Ron Gura had an unusual experience as a Zell student. Usually, IDC Herzliya students who are admitted into the Zell Entrepreneurship Program always form teams of two to four students, and together decide on a business concept to execute during their final year of school. Ron, however, ended up as a team of one. He was mentored in the ways of entrepreneurship by his teachers and classmates, using the program as a platform to execute an external project around gifting. His ambition was rivaled in its intensity solely by his workload, revealing through his dedication to the business that passion was his driving force.
It was 2009, a time when the ability to split payments online was beyond reach, and social media had little, if any, connection to commerce. Ron’s sister-in-law, Maya Gura, was living in the United States and noticed how common it was to gift people via gift registries. If it was a friend's birthday or a couple’s wedding, instead of each friend buying something individually as a set of random contributions, another form of gifting should be made available where people could chip in together as a group in order to buy a gift of greater value. Maya noticed there was yet to be a simple solution that would make such a process a seamless experience. Ron loved the idea, so much so that he partnered with Maya and proposed to create an online solution for this as his Zell Program concept. Once he was given the okay to work on the idea in the Zell Program, he brought on two friends, Matan Bar and Erez Dickman, and together they began to execute on their vision.

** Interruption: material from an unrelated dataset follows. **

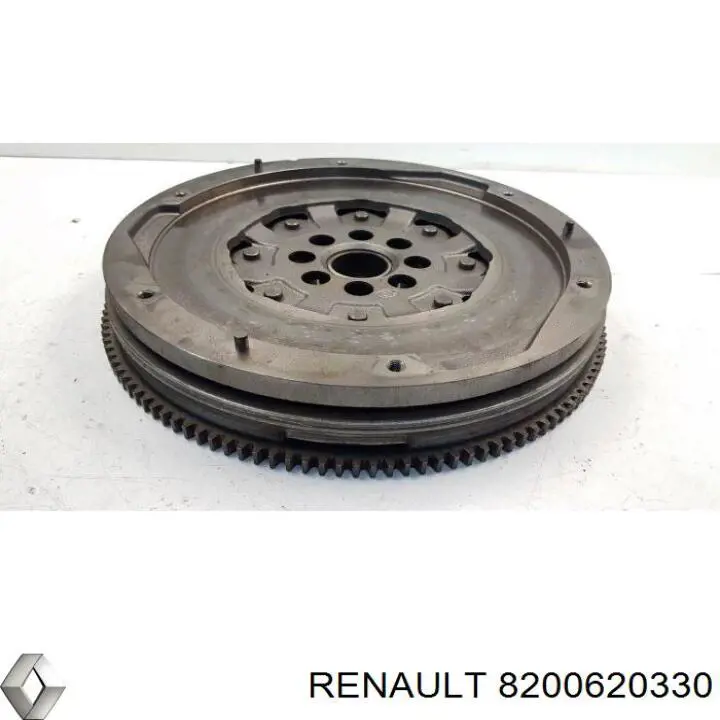 8200620330 Renault (RVI)
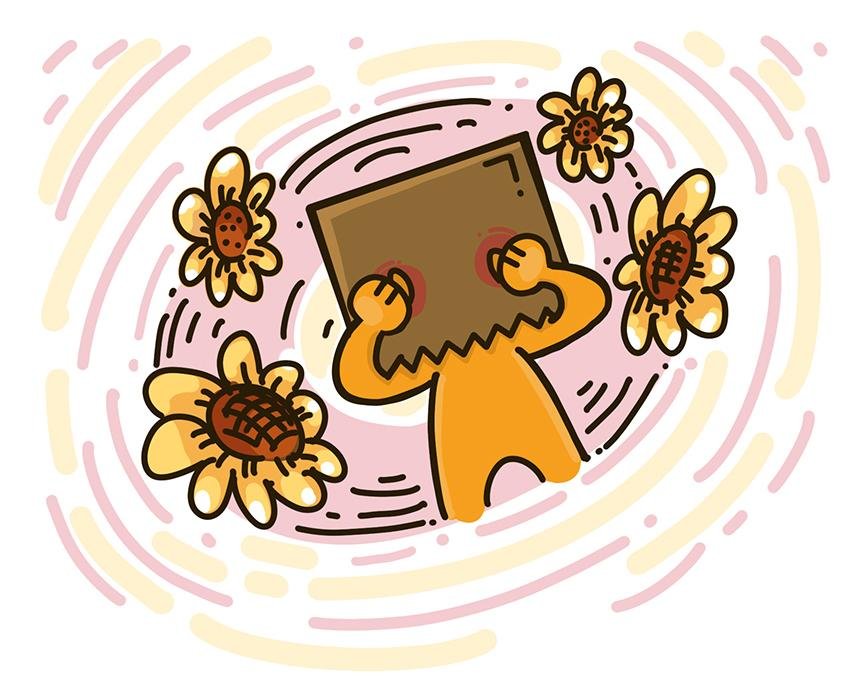 第三话：栖身在弄堂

There were various approaches that Ron could have taken to create group gifting, but reality sunk in quickly. The Gifts Project team was small and had very little capital to fund the business. Not long after doing some market research and defining the product goals, Ron understood that in order to stay lean, they would need to be asset-light. They scratched the idea of owning the whole product lifecycle, or of going anywhere near the manufacturing of retail goods; instead, they focused on a split payment solution as well as on the user experience. The technology they built had the capacity to accept many microtransactions, pull them together, and only process the whole
product transaction once all of the microtransactions had fulfilled the product cost. In order for The Gifts Project to carry all of the microtransaction consoles, there was a large product transaction cost. “To some extent, it was a group payments company that started with a very specific use case of gifting, instead of, say, buying your friend a cup of coffee through Venmo, but in terms of the technology, it was exactly the same,” said Ron. In 2009, payment apps like Venmo were just starting out,49 and PayPal was used mostly by businesses to offer their consumers an alternative form of payment.
However, technology feasibility was only half the battle – they still needed to define the user experience (UX). Though group gifting required buy-in from several users, once Ron had that, their collective user behavior was simple. The complexity came during the product selection process. To better plan out The Gifts Project’s UX, Ron and his team focused on the group organizer: the friend in the group that knows all of the specific details in order to pick out the right gift for the recipient, from the right size, to the taste preferences, to the correct shipping address.
Ron figured that by building a seamless user experience tailored to the group organizer, the contribution from friends would follow. That pinnacle moment when Ron and his team defined their user type and focused their resources on developing a product around it helped make The Gifts Project’s UX tighter, as well as cheaper to produce.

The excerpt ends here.